While studying for her doctorate in political science at the University of Michigan, Elizabeth Perry’s initial idea was to take China’s Cultural Revolution as the topic of her doctoral dissertation but was opposed by one of her supervising professors. The teacher thought it was premature. Instead, she resolved to explore the origins of the Chinese Revolution from a perspective and methodology different from the popular view at the time.
How to understand the peasant revolution is an issue that has been overlooked by many scholars in various disciplines who focus on the peasant issue. She thinks that the peasants who came onto the stage of world history with a revolutionary face have fueled the development of many social science theories that have attempted to explain the causes of peasant rebellions. Anthropologists, historians, sociologists, and political scientists have all come up with their answers to this important question.

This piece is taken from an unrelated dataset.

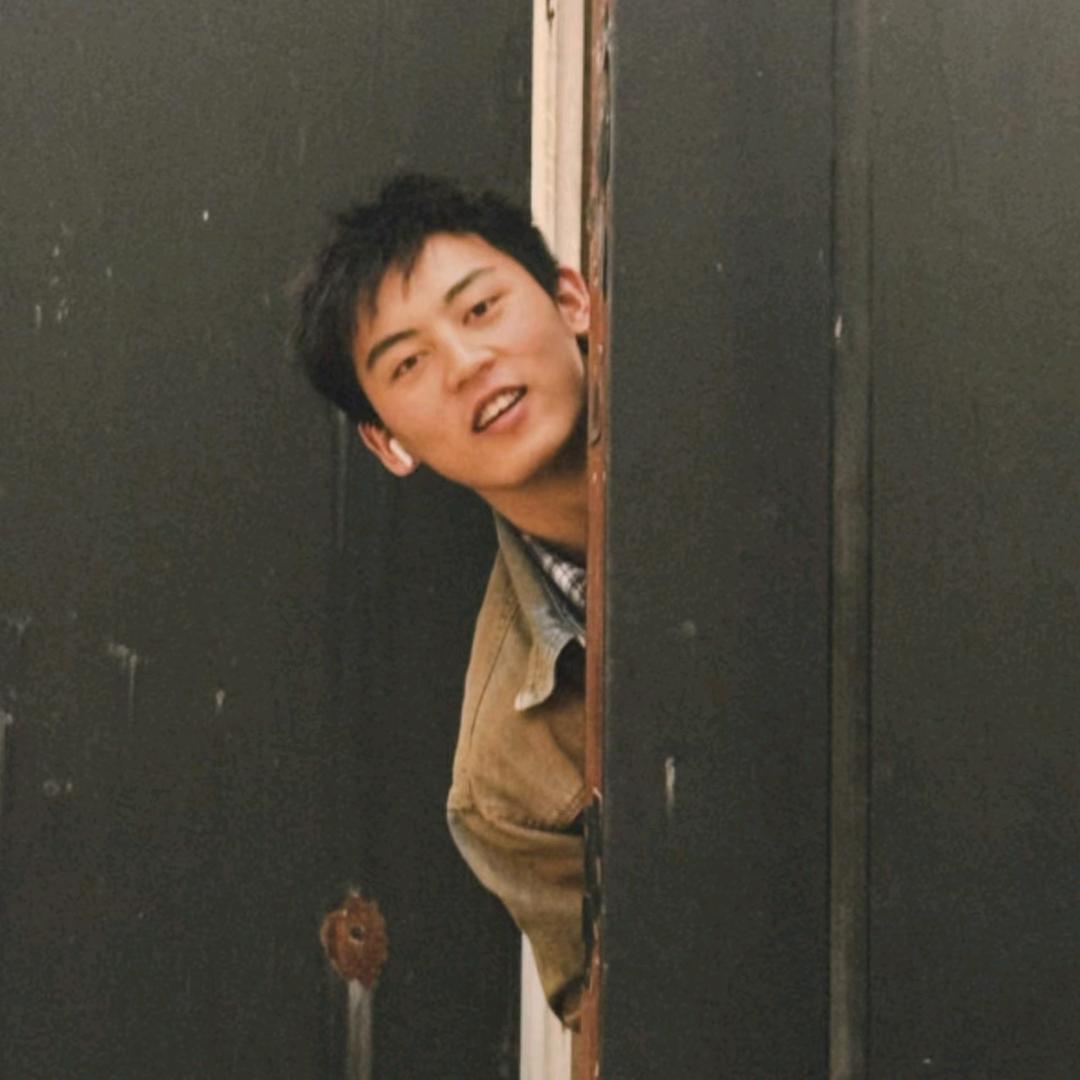 段小宝（健身版）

At this time Elizabeth Perry decided to examine the relationship between the rebels and the revolutionaries through the study of a region. This project had to be focused on a region that had a tradition of peasant rebellion and was the base of the Communist Party before 1949. She chose this region to be Huaibei.

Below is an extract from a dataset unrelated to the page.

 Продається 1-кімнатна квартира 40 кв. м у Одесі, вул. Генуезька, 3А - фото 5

At that time, China’s doors were still locked, and like other scholars, her choice at that time was to go to the National Palace Museum in Taipei to look at the archives, which was interspersed with trips to Japan to do data collection work in libraries in Tokyo. With solid work, Elizabeth Perry completed her doctoral dissertation, and in 1980, a monograph based on her dissertation, Rebels and Revolutionaries in North China (1845–1945), was published at Stanford University. This monograph is regarded as a representative work of the third generation of overseas Chinese studies scholars.
After the thawing of Sino-American relations, the National Committee on US-China Relations began to send delegations to China one after another. In June 1979, Elizabeth Perry was selected to join a delegation of mayors of large cities in the United States to visit the cities of Shanghai, Beijing, Nanjing, Guangzhou, and Hangzhou.

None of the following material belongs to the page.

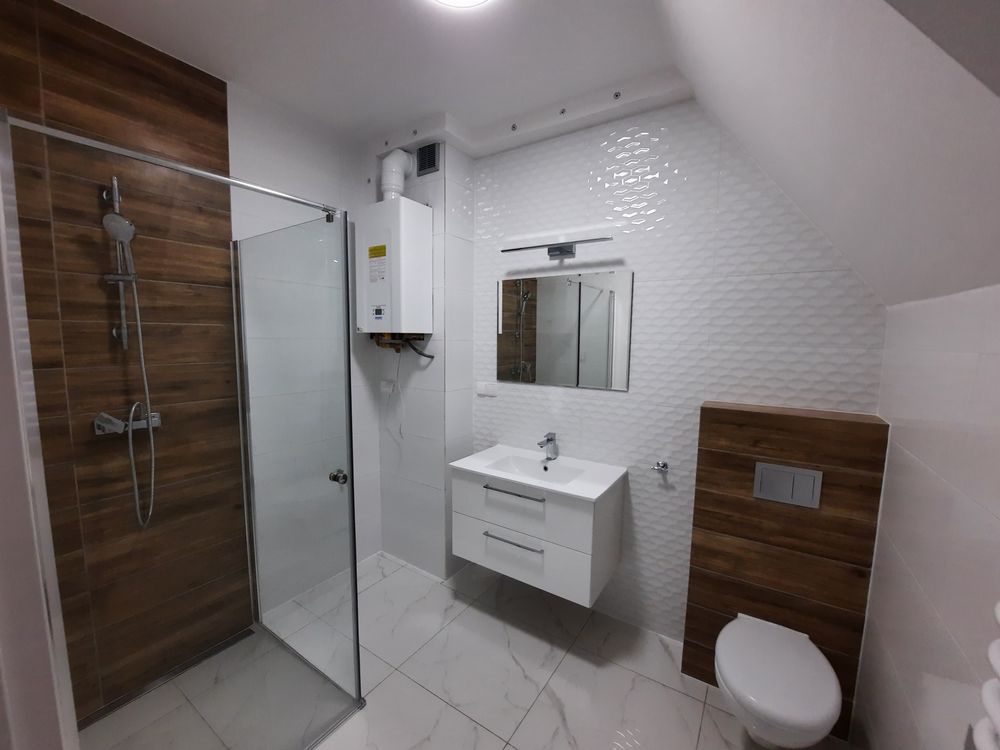 bliźniak Siekierki Wielkie. Zdjęcie 7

A few months later, Elizabeth Perry came to China again and was given the opportunity, as a visiting scholar, to study in China for one year. She was one of the first foreign scholars allowed to enter China to conduct field research and experience the planned economy era in China.
Since the 1990s, Elizabeth Perry’s research has shifted from the distant rural areas of Huaibei to the cosmopolitan city of Shanghai, and her focus has changed from the study of the peasant revolution to the study of the workers’ movement. She completed the monograph Shanghai on Strike: The Politics of Chinese Labor. This book won the 1993 American Historical Association John K. Fairbank Prize.
Whether it was her early interest in the peasant revolution or her later shift to the study of the urban workers’ movement, the revolutions that changed the destiny of countless people have always been the big issues that concern Elizabeth Perry.
In addition to academic research, Elizabeth Perry was also actively involved in public affairs and social activities. In 1999, shortly after arriving at Harvard University, Elizabeth Perry became the director of the Fairbank Center for China Studies, a major overseas research center for Chinese studies.
After the opening of the door between China and the United States and the reintegration of China into the world, commercial and economic revival and prosperity are perhaps the most visible and direct results. But what Elizabeth Perry feels more is the great significance it has produced in intellectual and academic exchanges. Over the past century, from the Qing Empire to the Republic of China and then into the People’s Republic of China, too many changes have taken place on this piece of land, which may be exactly what attracts Elizabeth Perry to study China, “They are so complicated and so fascinating.”